En ce moment, s’est ouvert en Argentine un débat national permanent dans tous les lieux d’étude et de travail sur le résultat électoral, sur la crise sociale et sur le rôle de l’extrême droite. Dans ce contexte, l’intervention de la gauche révolutionnaire est particulièrement importante dans cette discussion qui traverse l’ensemble de la société. C’est un moment de réflexion et d’explication pour proposer des initiatives pour s’organiser, raison pour laquelle les idées et la politique ont une importance vitale.
Avant les élections générales d’octobre, nous avons encore deux longs mois à parcourir. Nous pouvons éventuellement vivre des situations de conflictualité provoquées par l’approfondissement de l’austérité et l’écrasement des salaires aggravé par la dernière dévaluation, en plus de la fragilité de l’économie et la crise sociale.
Même dans des syndicats dirigés majoritairement par la bureaucratie syndicale, on commence à discuter de la réouverture des négociations salariales sous la pression de la base. Le mouvement féministe commence à débattre l’organisation des mobilisations en défense du droit à l’avortement et des droits des femmes et LGBTTINB. Les jeunes débattent dans les universités et dans les lycées sur la défense de l’éducation publique.
Le gouvernement (Union pour la patrie) approfondit l’austérité, alors qu’il appelle à « voter sagement » et rend les citoyens responsables de la progression électorale de l’extrême droite. Mais, c’est sa politique d’austérité et l’échec de son gouvernement qui détruisent les conditions de vie et qui provoquent les conditions de la démoralisation et l’avancée des alternatives de droite extrême et d’extrême droite.
Nous sommes clairs : sans l’initiative et l’organisation du mouvement ouvrier et des secteurs progressistes de la société pour la lutte dans la rue, nous ne pouvons pas vaincre l’avancée de l’extrême droite. La gauche révolutionnaire a un rôle important à jouer. Pour cette raison, la première tâche de la gauche révolutionnaire est de promouvoir le débat, la réflexion et l’organisation des secteurs qui voient la nécessité de lutter contre l’a politique d’austérité actuelle du gouvernement, comme point de départ pour défendre nos conditions de vie et vaincre l’avancée de l’extrême droite.
Dans cette perspective, il y a un immense point d’appui : dans le centre du pays (la ville et la banlieue de Buenos Aires), où vit une grande partie du mouvement ouvrier et de la population, Milei n’a pas gagné. Et même là où il a gagné, l’extrême droite n’a pas eu le vote des ouvriers ni des travailleurs de l’État, à la différence des secteurs précaires et sans droits syndicaux.

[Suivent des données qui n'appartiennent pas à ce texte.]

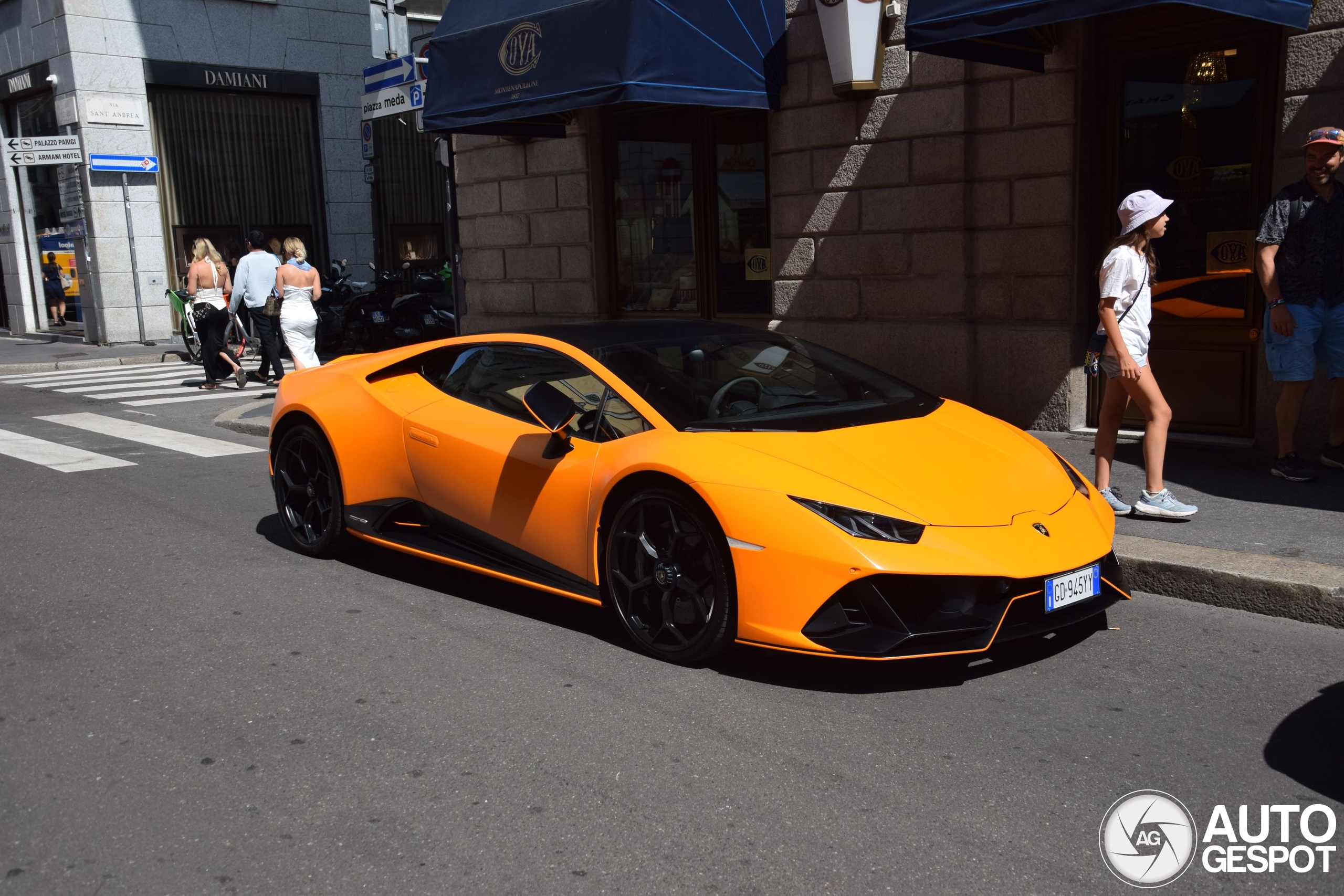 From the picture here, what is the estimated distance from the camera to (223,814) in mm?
3371

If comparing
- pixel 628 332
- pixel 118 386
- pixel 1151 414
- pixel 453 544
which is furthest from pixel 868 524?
pixel 118 386

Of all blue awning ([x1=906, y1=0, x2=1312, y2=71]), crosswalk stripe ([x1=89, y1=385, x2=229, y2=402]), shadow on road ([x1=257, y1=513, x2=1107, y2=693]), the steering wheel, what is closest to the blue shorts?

Le niveau d’attaque d’un éventuel gouvernement de Milei (qui n’a pas encore gagné) peut faire réveiller une réaction profonde par en bas qui peut amener l’Argentine a l’extrême opposé de cette conjoncture électorale de droite. Contre les attaques réactionnaires, peut émerger une réponse révolutionnaire. Le mouvement ouvrier (qui n’a pas été vaincu) avec la gauche révolutionnaire, peut ouvrir la voie d’un processus capable d’ébranler et de battre l’extrême droite et les forces traditionnelles qui ont gouverné jusqu’à présent, et qui jette les bases du développement d’une alternative et d’une orientation anticapitaliste.